終始、無口な酒だが、その腹に納まる心、つまり、その酒の味は、まろやかで、温かい。
あたかも、そのような男が目の前にいて、あまり会話を交わさず、その男と飲み交わしているかのようだ。

これに比べて、ビールには若人(わこうど)を感じる。
栓を抜くと泡が立ち、喉越しを通る時は爽やかだ。
だから、ビールには若人が似合う。

そして、清酒には女を感じる。
辛さも控えめだが、どこか酔いがほんのりしている。
清酒の数多くのバックやラベルのデザインに美女が描かれているのも、偶然の一致ではないと思う。

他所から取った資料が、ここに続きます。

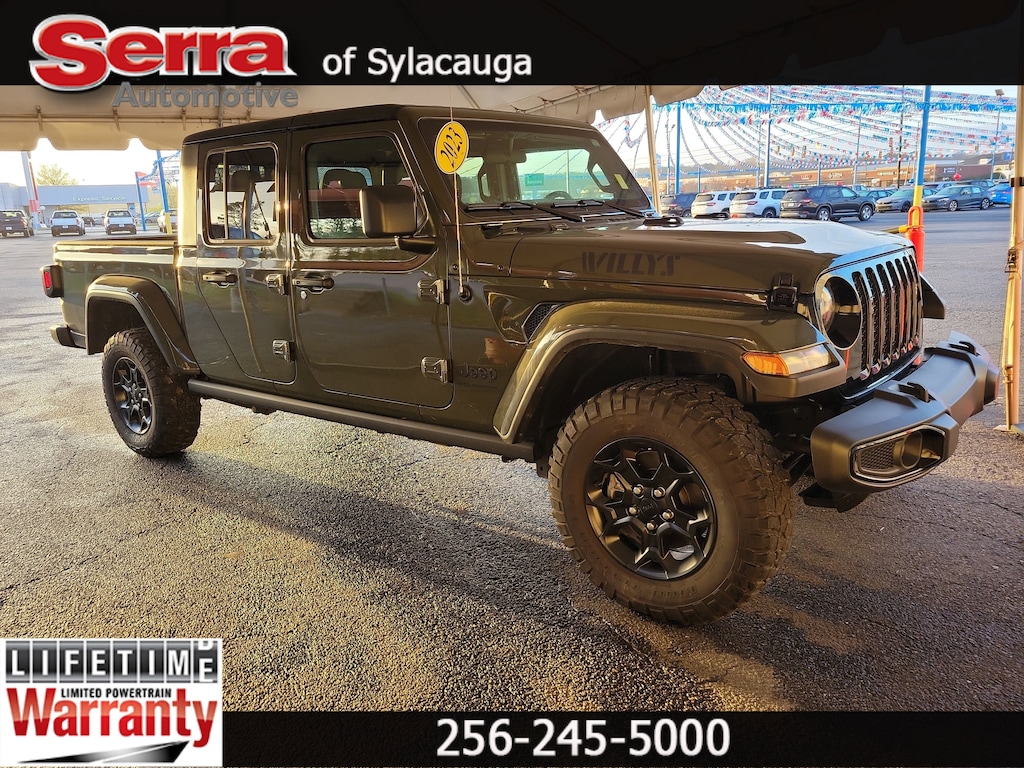 Used 2023 Jeep Gladiator Sport Truck Crew Cab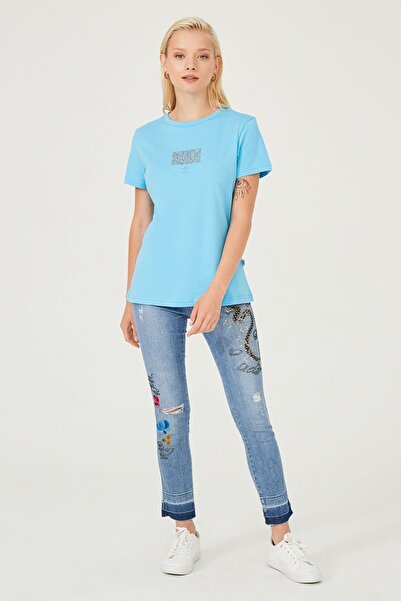 Cerruti 1881 Women's Crew Neck T-shirt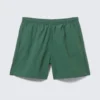 Ed Badeshorts – Dunkelgrün Ed Badeshorts – Dunkelgrün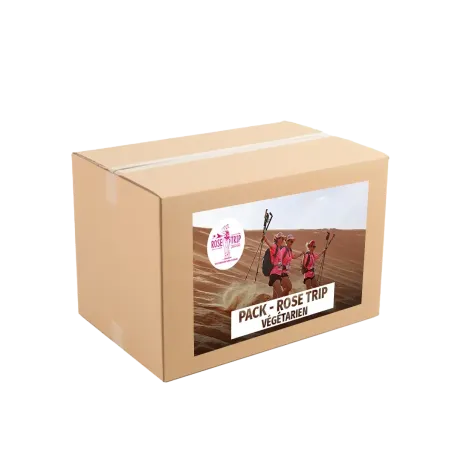 Pack Rose Trip - Vegetarisch - Rehydratatie koud water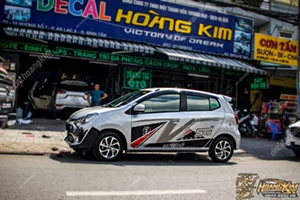Tem Xe Toyota Wigo - TWI004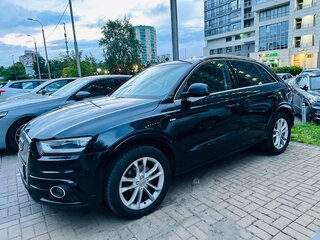 2014 Audi Q3 I (8U), чёрный, 1970000 рублей, вид 1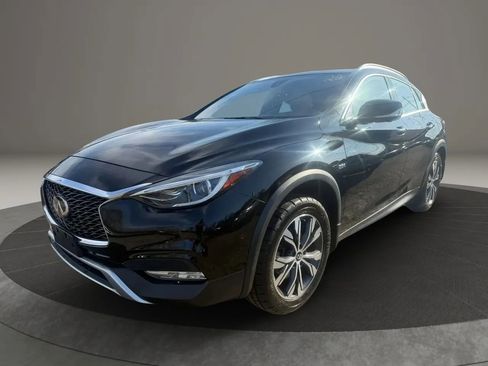 Used 2018 INFINITI QX30 AWD w/ Dark Wood Package image 1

申し訳ないのだけど、焼酎をほとんど飲まないから、その酒を人に喩えることが難しい。

このように酒を人に見立てると、飲む際の気分や、日々の自分の想いも変わるかもしれない。

酒を傾けつつ、目の前の瓶を眺めていると、酒の精と語っている気になるかもしれない。
酒の精と語る時には、人の言葉は不要だ。
様々な酒の個性は、それぞれ違うのだが、その個性との会話は、舌の上でのみ行われるのだ。

年末の夕暮れの一時、陽も傾きつつ、酒も傾き続ける。
種類に応じて、目の前の酒の精も変わり続ける。

寡黙な男がじっと立ちすくんでいる時。
賑やかで血気盛んな若人がはしゃいでいる時。
和服で決めた女性が足を崩して、微笑んでいる時。

彼等との、言葉には、ならない会話を交わす時、過ぎ去りし、一年の日々を静かに、思い起こしてみる。
今年の記憶を、杯(さかずき)の中で、揺らしつつ。

読者の方々や私の周囲の方々への、今年一年の感謝と共に。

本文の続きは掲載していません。